[Excerpts from a dataset]
--- START ---

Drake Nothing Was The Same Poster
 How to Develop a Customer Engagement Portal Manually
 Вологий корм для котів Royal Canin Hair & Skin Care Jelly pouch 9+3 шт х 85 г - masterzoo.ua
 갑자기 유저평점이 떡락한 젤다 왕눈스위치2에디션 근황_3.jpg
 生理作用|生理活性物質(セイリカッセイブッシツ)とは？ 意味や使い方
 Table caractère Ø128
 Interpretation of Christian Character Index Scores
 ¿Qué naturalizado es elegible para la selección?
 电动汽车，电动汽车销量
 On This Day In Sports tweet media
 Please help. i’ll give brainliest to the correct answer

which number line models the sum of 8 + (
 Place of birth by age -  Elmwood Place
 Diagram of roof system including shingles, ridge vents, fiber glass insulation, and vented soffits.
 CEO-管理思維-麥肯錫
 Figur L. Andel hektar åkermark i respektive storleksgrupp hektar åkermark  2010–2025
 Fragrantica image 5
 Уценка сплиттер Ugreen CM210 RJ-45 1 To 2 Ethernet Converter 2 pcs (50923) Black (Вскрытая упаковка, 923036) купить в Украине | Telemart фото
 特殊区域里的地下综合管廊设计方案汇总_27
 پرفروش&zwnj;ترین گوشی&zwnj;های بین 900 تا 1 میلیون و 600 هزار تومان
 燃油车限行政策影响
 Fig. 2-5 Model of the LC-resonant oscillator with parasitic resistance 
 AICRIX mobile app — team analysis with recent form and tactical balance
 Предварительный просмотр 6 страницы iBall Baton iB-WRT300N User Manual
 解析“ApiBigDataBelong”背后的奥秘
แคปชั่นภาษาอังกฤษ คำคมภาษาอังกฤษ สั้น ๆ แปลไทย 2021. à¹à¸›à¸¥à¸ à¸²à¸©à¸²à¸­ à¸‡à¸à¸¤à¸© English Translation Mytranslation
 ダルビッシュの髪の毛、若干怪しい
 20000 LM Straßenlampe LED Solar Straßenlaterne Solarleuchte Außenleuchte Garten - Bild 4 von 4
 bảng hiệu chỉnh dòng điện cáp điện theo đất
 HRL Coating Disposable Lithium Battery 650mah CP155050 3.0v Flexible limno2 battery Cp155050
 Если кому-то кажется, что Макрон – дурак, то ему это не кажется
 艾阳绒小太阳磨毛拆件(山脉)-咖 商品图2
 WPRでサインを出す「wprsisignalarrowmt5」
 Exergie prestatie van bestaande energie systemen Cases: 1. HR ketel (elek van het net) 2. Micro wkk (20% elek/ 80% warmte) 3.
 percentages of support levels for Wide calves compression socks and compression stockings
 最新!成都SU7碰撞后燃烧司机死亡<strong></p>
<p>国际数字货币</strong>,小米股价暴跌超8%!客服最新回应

--- END ---

Give the number of lines in the data that contain the word "strong", and add no other text.

▸ Final answer: 2